SELLING STOCKHOLDERS
 
We issued the shares of our common stock that are covered by this prospectus to the selling stockholders pursuant to share purchase agreements entered into between us and each of the selling stockholders on December 22, 2009 (the “Securities Purchase Agreements”) in a transaction exempt from the registration requirements of the Securities Act. We entered into a registration rights agreement with the purchasers in such transaction pursuant to which we agreed to register the resale of the shares of our common stock under the Securities Act.
 
We are registering the shares of our common stock covered by this prospectus on behalf of the selling stockholders named in the table below in accordance with our obligations under the registration rights agreement. Selling stockholders, including their permitted transferees, pledgees or donees or their successors (all of whom may be selling stockholders), may from time to time offer and sell pursuant to this prospectus any or all of the shares. When we refer to “selling stockholders” in this prospectus, we mean those persons listed in the table below, as well as their permitted transferees, pledgees or donees or their successors.
 
The following table sets forth certain information as of [          ], 2009 regarding beneficial ownership of our common stock by the selling stockholders. “Beneficial ownership” is a term defined by the SEC in Rule 13d-3 under the Exchange Act and includes shares of common stock over which a selling stockholder has direct or indirect voting or investment control and any shares of common stock that the selling stockholder has a right to acquire beneficial ownership of within 60 days.
 
The number of shares of common stock in the column “Number of Shares Beneficially Owned Prior to the Offering” is based on beneficial ownership information provided to us by or on behalf of the selling stockholders in a selling stockholder questionnaire.
 
The number of shares in the column “Number of Shares Registered for Sale Hereby” represents all of the shares that each selling stockholder may offer under this prospectus. These shares are the shares of common stock purchased by the selling stockholders in the transaction discussed above. The selling stockholders may sell some, all or none of their shares.

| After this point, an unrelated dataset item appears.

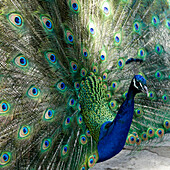 Lisbon, Portugal. Castelo Sao Jorge. Peacocks reside on the castle grounds. Males showing off their plumage, spring mating season.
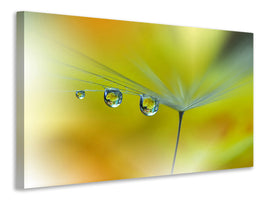 3-piece-canvas-print-sunbeam-iii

In addition, the selling stockholders may have sold, transferred or otherwise disposed of all or a portion of their shares since the date on which they provided the information regarding their shares in transactions exempt from the registration requirements of the Securities Act.
 
The number of shares in the column “Number of Shares Beneficially Owned after the Offering” assumes that the selling stockholders will sell all of their shares offered pursuant to this prospectus and that any other shares of common stock beneficially owned by the selling stockholders will continue to be beneficially owned. We do not know when or in what amounts the selling stockholders will offer shares for sale, if at all. The selling stockholders may sell any or all of the shares included in and offered by this prospectus. Because the selling stockholders may offer all or some of the shares pursuant to this offering, we cannot estimate the number of shares that will be held by the selling stockholders after completion of the offering.
 
Information regarding the selling stockholders may change from time to time. Any such changed information will be set forth in supplements to this prospectus if required.
 
Except as set forth in the table below, none of the selling stockholders has had a material relationship with us within the past three years.
 
             
        Maximum Number of
   
    Number of Shares
  Shares to be Sold
   
Name of Selling
  Beneficially
  Pursuant to
  Number of Shares
Stockholder
  Owned Prior to Offering   this Prospectus   Owned After Offering
 
[Information to be provided by the Investors]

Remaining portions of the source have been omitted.